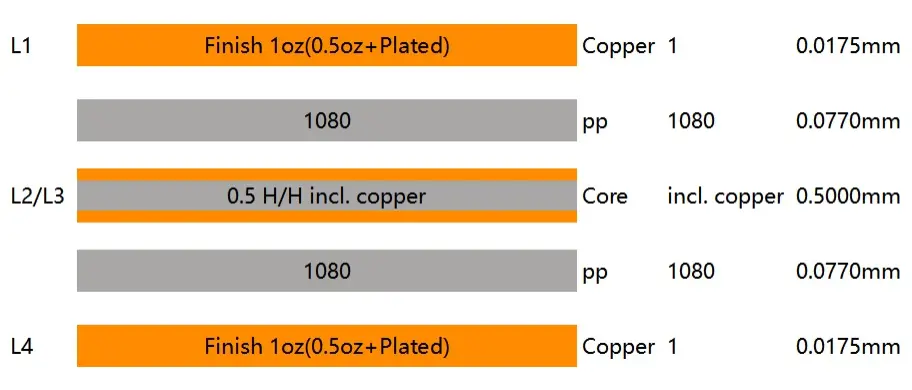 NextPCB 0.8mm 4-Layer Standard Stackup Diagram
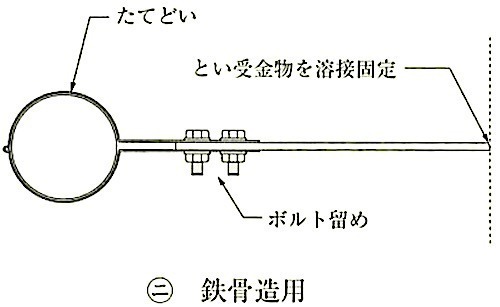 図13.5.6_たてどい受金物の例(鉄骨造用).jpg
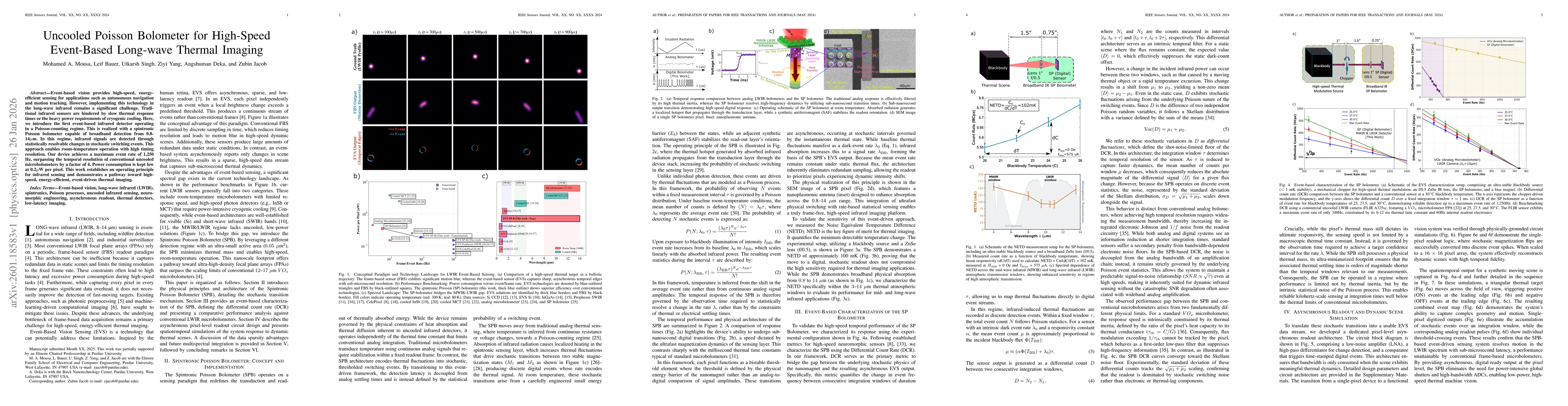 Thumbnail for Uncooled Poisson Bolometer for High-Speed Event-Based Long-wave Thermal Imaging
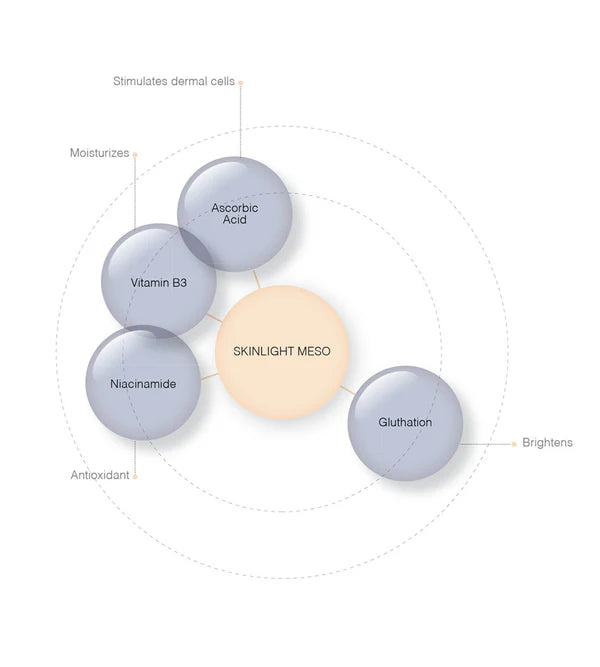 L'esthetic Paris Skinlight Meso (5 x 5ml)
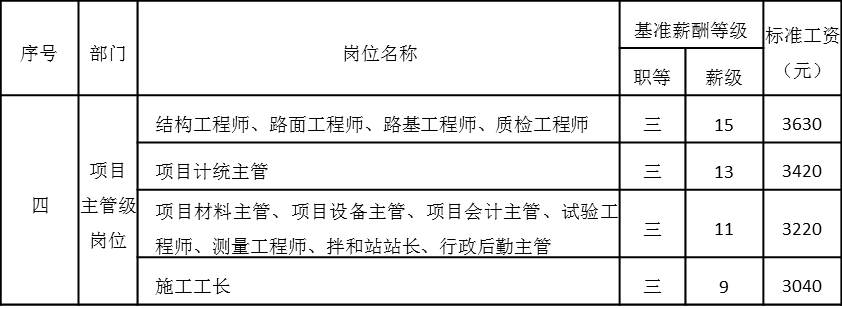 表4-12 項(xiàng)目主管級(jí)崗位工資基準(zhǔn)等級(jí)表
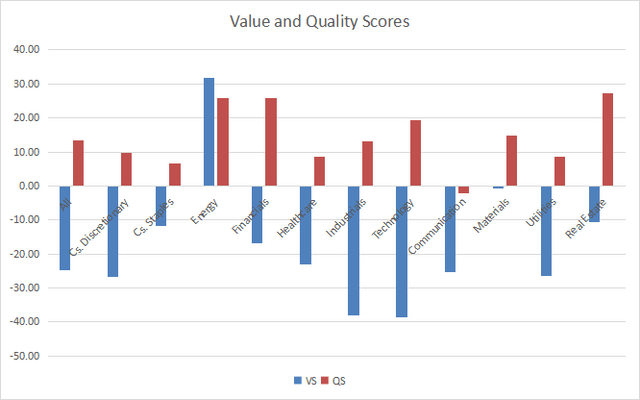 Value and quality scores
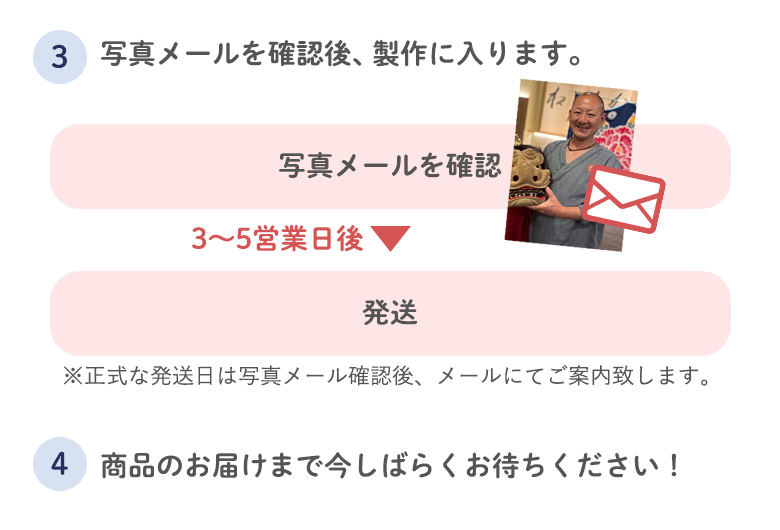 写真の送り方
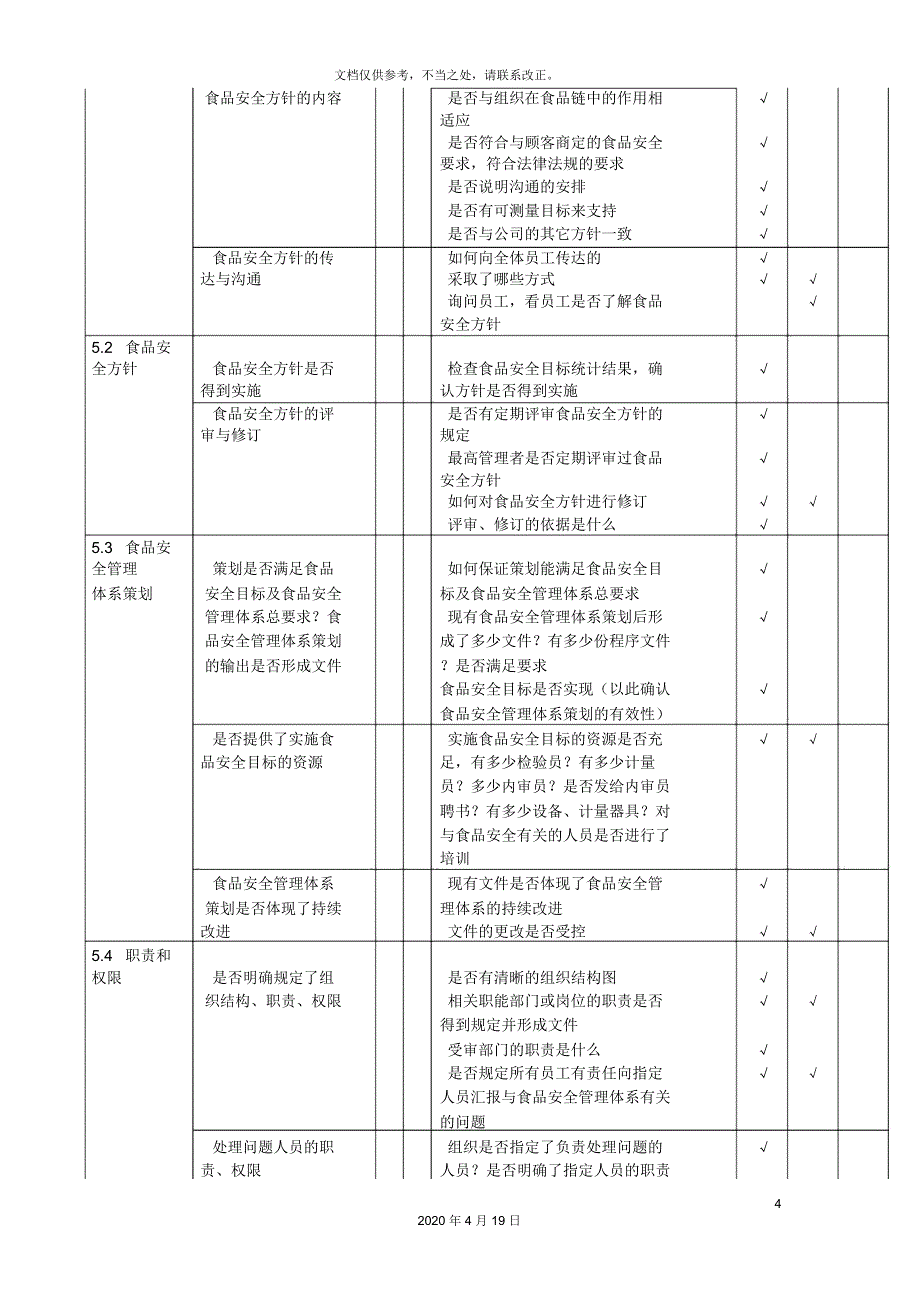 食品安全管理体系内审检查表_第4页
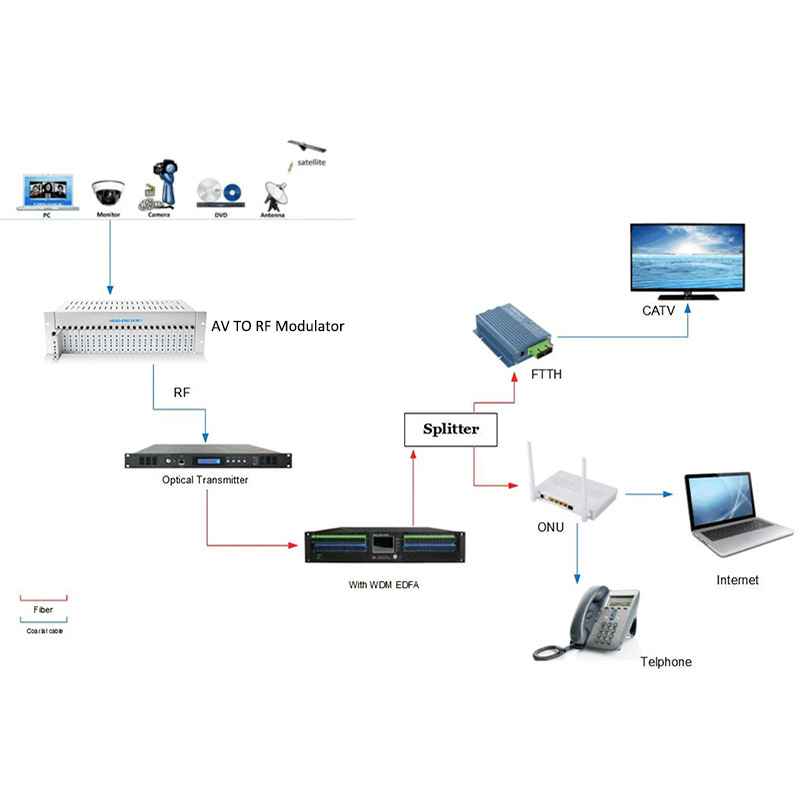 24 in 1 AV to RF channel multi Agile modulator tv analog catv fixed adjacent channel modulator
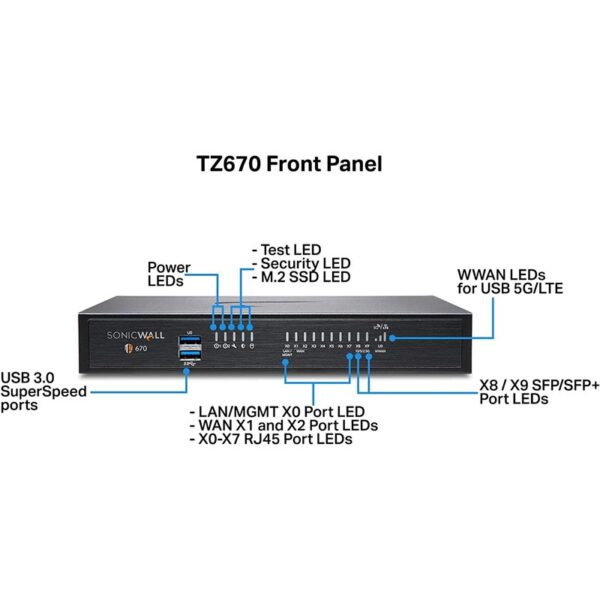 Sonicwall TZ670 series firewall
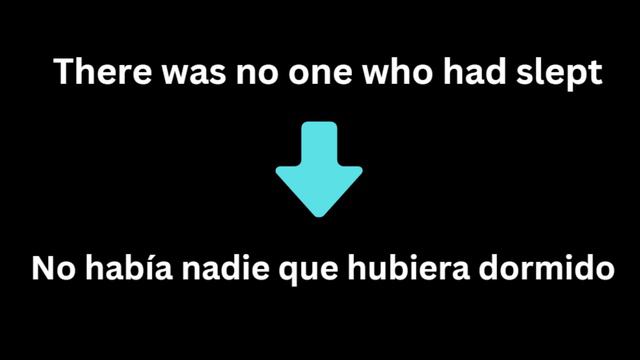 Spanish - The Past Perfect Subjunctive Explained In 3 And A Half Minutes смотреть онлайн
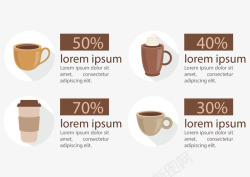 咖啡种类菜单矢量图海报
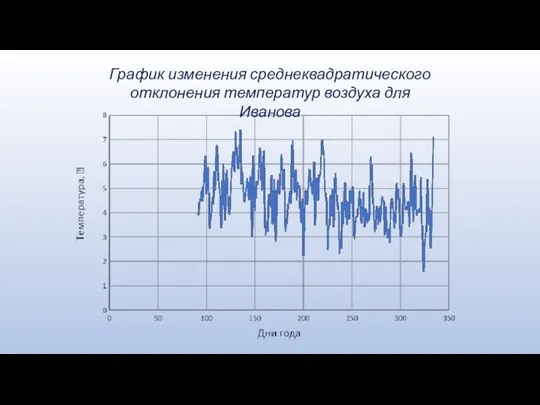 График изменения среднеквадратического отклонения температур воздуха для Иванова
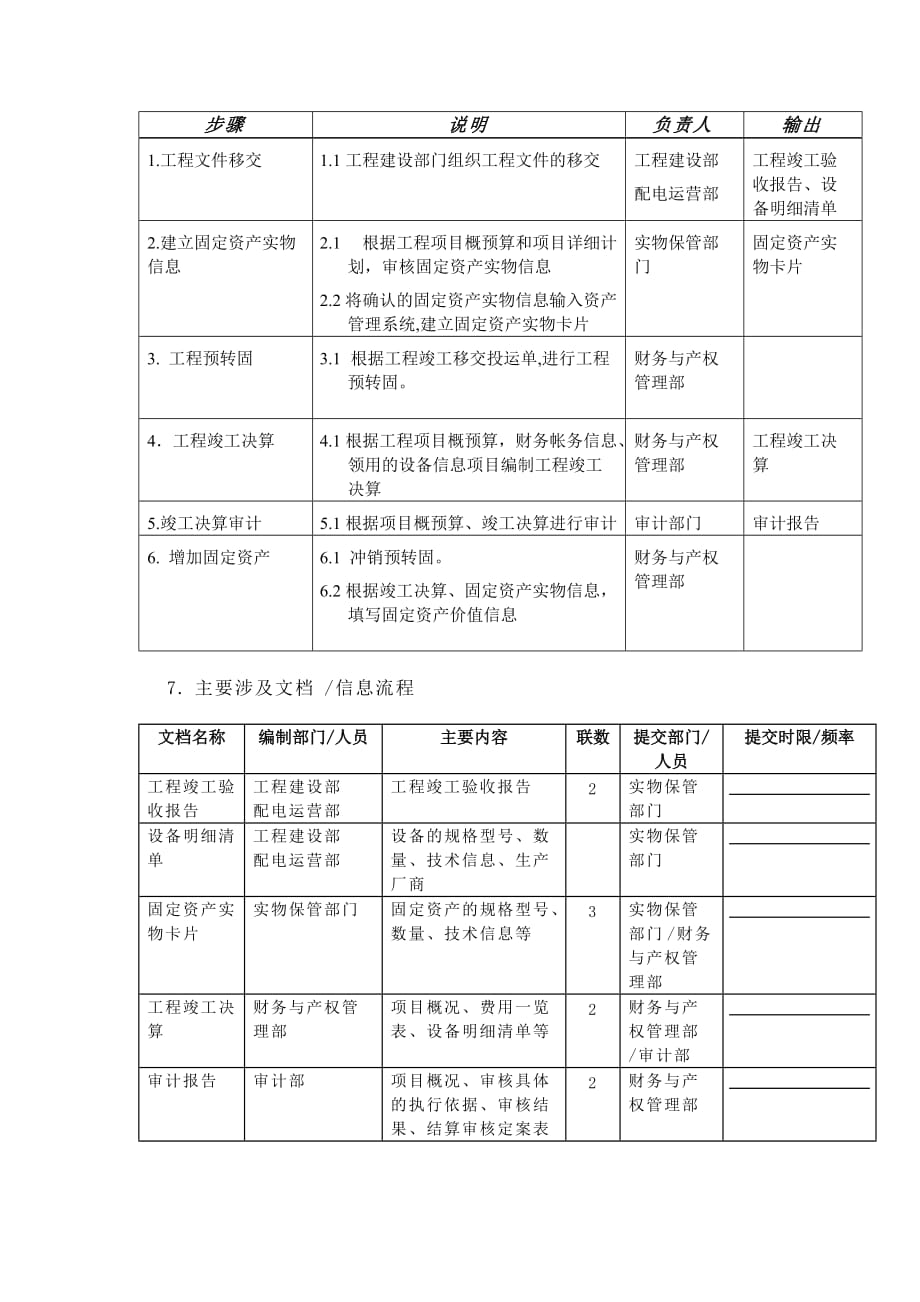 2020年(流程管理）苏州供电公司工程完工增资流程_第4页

• What is expected: Once the pictures are set aside, give every line above again without alteration.

• Exercise answer:
 NextPCB 0.8mm 4-Layer Standard Stackup Diagram
 図13.5.6_たてどい受金物の例(鉄骨造用).jpg
 Thumbnail for Uncooled Poisson Bolometer for High-Speed Event-Based Long-wave Thermal Imaging
 L'esthetic Paris Skinlight Meso (5 x 5ml)
 表4-12 項(xiàng)目主管級(jí)崗位工資基準(zhǔn)等級(jí)表
 Value and quality scores
 写真の送り方
 食品安全管理体系内审检查表_第4页
 24 in 1 AV to RF channel multi Agile modulator tv analog catv fixed adjacent channel modulator
 Sonicwall TZ670 series firewall
 Spanish - The Past Perfect Subjunctive Explained In 3 And A Half Minutes смотреть онлайн
 咖啡种类菜单矢量图海报
 График изменения среднеквадратического отклонения температур воздуха для Иванова
 2020年(流程管理）苏州供电公司工程完工增资流程_第4页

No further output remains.